Estimating Variance Components - G-String-Legacy/GS_MV GitHub Wiki

Most of G_String's 'heavy lifting' is done in step 9 by a C++ routine called urGenova designed by Prof. Robert L. Brennan, who has kindly given his permission to include it in this software. From the raw score data, and the full set of design parameters urGenova extracts estimates of the so called 'Variance Components' for each facet and their combinations. The variance components, in turn, are then used to calculate the G-Coefficients and perform D-Analysis.

The concept of variance components stems from a mathematical theory called 'General Linear Model'. The model is called 'linear', because the the result is equal to the simple sum of a mean and various effects that determine the outcome. Although its general form is simple to write as a mathematical formula, it is somewhat obscure for non-mathematicians to understand. Instead we will first apply the concept to the example of a simple multiple choice exam, and then chat loosely about its extension to more complex cases. Fine details are not that important, and G_String knows how to do it.

So, let's start with the 58 students answering 30 MCQ questions either correctly (score 1), or incorrectly (score 0).

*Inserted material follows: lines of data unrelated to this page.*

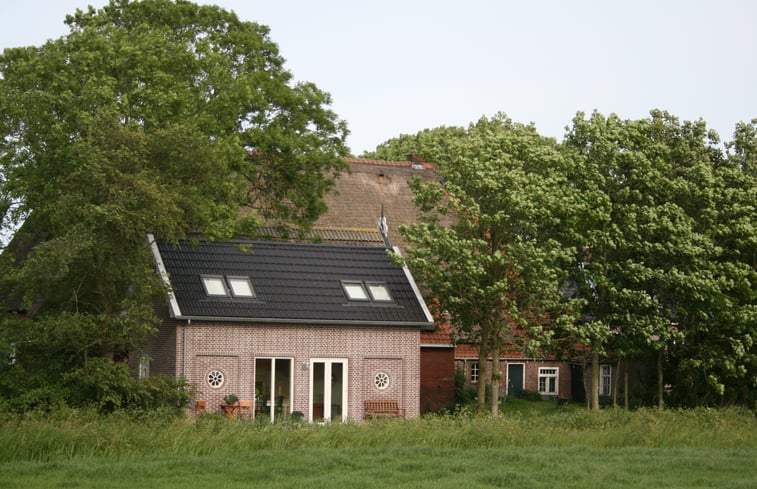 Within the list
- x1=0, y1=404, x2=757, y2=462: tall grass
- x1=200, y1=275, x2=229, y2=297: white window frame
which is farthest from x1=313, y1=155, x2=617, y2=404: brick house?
x1=0, y1=404, x2=757, y2=462: tall grass

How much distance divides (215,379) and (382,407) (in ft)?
15.7

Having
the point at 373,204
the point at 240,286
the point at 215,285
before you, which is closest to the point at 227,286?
the point at 215,285

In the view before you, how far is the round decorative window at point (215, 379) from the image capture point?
32625 mm

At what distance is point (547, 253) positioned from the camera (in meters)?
35.8

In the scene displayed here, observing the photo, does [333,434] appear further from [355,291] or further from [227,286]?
[355,291]

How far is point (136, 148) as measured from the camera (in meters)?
30.8

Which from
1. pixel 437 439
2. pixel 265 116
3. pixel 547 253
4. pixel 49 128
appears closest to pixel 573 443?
pixel 437 439

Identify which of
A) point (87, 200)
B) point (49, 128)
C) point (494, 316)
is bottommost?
point (494, 316)

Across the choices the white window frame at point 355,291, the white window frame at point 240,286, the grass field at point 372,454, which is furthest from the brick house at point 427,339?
the grass field at point 372,454

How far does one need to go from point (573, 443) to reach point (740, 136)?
18.9m

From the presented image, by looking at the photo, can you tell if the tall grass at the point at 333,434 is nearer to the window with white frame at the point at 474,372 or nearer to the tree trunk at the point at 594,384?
the tree trunk at the point at 594,384

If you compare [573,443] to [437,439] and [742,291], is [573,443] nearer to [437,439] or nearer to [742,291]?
[437,439]

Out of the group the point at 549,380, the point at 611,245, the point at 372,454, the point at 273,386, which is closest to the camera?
the point at 372,454

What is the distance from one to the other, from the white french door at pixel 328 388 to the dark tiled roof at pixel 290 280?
1.23 meters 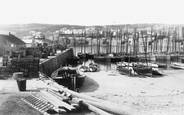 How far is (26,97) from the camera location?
11.3 meters

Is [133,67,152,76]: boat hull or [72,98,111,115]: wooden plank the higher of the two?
[72,98,111,115]: wooden plank

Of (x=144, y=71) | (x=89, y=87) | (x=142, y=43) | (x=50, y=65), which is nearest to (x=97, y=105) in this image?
(x=89, y=87)

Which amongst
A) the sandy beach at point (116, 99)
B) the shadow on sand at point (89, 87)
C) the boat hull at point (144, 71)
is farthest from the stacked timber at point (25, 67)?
the boat hull at point (144, 71)

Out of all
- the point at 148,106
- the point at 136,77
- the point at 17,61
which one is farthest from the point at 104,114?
the point at 136,77

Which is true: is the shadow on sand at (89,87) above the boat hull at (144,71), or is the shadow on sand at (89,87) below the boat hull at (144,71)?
below

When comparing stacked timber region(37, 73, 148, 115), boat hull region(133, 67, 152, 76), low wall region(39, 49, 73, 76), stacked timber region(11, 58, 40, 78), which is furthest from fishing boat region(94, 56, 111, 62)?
stacked timber region(37, 73, 148, 115)

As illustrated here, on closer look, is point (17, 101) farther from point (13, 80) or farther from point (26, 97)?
point (13, 80)

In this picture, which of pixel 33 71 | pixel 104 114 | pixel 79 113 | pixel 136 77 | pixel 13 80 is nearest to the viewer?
pixel 104 114

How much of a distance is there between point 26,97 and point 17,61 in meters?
6.89

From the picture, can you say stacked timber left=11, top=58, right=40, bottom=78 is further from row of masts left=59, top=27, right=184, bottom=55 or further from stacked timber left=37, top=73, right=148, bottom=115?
row of masts left=59, top=27, right=184, bottom=55

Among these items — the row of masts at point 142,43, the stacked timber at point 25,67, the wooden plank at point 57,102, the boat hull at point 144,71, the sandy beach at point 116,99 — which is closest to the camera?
the wooden plank at point 57,102

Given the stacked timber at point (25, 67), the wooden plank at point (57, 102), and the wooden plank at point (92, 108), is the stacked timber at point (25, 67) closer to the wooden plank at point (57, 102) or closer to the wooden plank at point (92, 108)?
the wooden plank at point (57, 102)

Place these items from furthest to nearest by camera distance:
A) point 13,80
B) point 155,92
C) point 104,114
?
point 155,92
point 13,80
point 104,114

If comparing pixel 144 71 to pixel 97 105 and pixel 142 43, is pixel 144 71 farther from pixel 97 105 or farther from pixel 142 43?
pixel 142 43
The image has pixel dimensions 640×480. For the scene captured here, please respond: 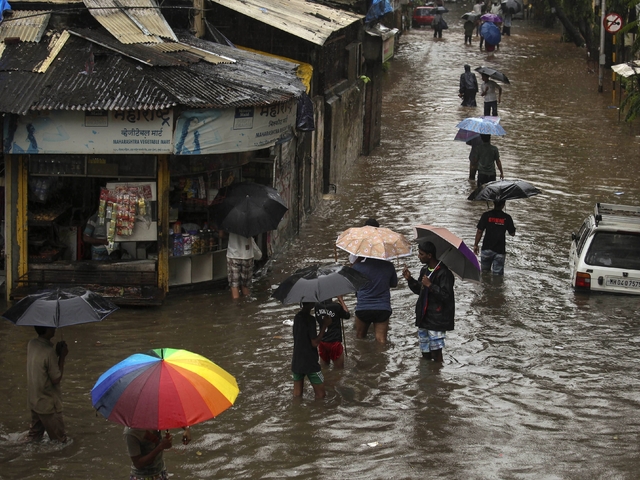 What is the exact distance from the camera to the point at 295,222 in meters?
16.5

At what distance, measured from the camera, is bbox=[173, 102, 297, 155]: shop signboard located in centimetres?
1209

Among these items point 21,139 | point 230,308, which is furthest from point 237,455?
point 21,139

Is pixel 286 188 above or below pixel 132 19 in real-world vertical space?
below

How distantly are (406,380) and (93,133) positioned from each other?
16.3ft

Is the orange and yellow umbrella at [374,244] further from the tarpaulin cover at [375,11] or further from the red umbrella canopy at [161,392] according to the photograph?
the tarpaulin cover at [375,11]

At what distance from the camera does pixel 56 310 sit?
805 cm

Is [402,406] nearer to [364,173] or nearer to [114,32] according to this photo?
[114,32]

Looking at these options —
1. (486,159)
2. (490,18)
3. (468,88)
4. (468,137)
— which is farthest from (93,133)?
(490,18)

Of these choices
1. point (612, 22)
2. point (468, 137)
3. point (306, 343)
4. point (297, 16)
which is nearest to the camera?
point (306, 343)

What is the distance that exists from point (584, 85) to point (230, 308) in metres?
25.7

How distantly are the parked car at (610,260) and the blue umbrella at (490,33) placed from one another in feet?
96.1

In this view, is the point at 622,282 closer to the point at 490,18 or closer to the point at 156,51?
the point at 156,51

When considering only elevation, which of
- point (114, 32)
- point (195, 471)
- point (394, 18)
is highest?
point (394, 18)

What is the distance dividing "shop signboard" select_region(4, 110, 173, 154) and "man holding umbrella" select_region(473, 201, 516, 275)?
4757mm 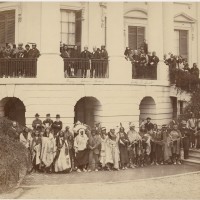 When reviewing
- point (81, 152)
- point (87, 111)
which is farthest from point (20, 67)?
point (81, 152)

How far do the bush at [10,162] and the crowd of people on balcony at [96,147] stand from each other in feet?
8.09

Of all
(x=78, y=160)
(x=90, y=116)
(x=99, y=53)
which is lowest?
(x=78, y=160)

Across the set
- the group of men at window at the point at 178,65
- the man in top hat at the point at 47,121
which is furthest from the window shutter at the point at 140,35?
the man in top hat at the point at 47,121

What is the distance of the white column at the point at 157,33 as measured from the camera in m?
24.6

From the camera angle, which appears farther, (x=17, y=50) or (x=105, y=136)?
(x=17, y=50)

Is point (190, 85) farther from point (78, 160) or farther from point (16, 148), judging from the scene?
point (16, 148)

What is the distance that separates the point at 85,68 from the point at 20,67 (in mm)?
2995

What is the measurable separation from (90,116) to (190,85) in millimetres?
5164

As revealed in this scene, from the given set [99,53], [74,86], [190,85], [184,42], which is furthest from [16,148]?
[184,42]

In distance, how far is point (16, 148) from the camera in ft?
48.0

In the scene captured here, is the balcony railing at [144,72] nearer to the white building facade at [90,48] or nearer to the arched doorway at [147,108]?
the white building facade at [90,48]

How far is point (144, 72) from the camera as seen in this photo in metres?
23.9

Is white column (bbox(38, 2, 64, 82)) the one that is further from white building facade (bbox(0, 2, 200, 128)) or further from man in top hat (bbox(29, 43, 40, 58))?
man in top hat (bbox(29, 43, 40, 58))

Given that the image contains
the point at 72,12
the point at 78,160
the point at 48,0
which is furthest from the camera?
the point at 72,12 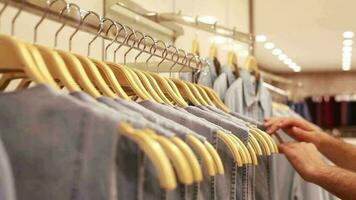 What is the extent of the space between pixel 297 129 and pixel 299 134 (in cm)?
1

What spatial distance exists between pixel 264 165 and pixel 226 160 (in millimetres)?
→ 184

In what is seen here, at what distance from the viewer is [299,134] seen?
4.07 feet

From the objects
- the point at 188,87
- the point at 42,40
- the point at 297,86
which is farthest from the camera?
the point at 297,86

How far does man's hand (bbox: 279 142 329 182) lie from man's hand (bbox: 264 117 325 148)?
0.10m

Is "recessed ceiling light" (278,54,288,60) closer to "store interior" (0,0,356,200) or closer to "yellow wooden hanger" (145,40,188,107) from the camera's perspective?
"store interior" (0,0,356,200)

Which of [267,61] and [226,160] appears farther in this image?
[267,61]

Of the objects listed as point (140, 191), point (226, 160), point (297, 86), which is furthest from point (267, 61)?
point (140, 191)

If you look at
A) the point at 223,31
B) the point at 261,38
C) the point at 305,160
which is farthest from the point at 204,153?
the point at 261,38

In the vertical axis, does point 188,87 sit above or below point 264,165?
above

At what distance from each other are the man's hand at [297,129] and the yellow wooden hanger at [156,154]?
691mm

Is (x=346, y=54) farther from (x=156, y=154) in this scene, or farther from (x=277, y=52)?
(x=156, y=154)

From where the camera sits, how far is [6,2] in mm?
688

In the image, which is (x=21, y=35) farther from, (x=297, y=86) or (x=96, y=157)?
(x=297, y=86)

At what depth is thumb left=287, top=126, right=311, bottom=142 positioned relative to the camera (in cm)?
123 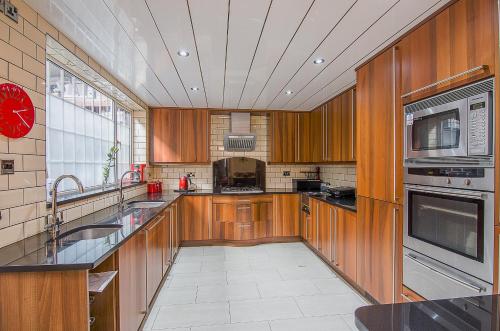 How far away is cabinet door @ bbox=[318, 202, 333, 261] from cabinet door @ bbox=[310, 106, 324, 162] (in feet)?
3.85

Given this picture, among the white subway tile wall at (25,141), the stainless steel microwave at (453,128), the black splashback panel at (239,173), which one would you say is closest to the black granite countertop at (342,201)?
the stainless steel microwave at (453,128)

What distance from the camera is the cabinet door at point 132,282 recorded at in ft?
5.41

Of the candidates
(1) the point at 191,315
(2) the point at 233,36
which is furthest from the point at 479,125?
(1) the point at 191,315

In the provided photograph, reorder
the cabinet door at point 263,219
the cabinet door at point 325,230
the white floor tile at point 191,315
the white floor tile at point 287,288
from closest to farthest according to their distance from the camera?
the white floor tile at point 191,315 < the white floor tile at point 287,288 < the cabinet door at point 325,230 < the cabinet door at point 263,219

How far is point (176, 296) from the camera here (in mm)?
2668

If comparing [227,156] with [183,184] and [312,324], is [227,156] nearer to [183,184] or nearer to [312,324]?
[183,184]

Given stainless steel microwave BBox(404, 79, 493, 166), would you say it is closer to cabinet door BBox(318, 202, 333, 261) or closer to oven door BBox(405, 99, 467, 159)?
oven door BBox(405, 99, 467, 159)

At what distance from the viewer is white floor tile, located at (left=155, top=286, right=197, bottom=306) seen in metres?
2.55

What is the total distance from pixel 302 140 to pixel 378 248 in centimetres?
275

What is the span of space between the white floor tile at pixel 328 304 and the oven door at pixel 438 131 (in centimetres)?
150

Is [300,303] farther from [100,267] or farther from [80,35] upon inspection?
[80,35]

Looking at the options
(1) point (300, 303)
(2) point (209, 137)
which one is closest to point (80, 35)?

Thus, each student can potentially get a minimum total score of 0, and a maximum of 30. The data file will have 58 rows and 31 columns. The first column contains the corresponding student index (to be ignored), the subsequent fields the individual question scores (0 or 1). The mean score over all the students and questions is 0.58966 = μ₀, which also corresponds to the probability of an average student getting the answer to an average question right.

But 'average' student, and 'average' question are theoretical constructs. In reality, students (s) differ by their ability, questions (q) by their easiness, and different students have different predilections for different kinds of questions. In generalizability jargon these deviations from average are called 'effects'.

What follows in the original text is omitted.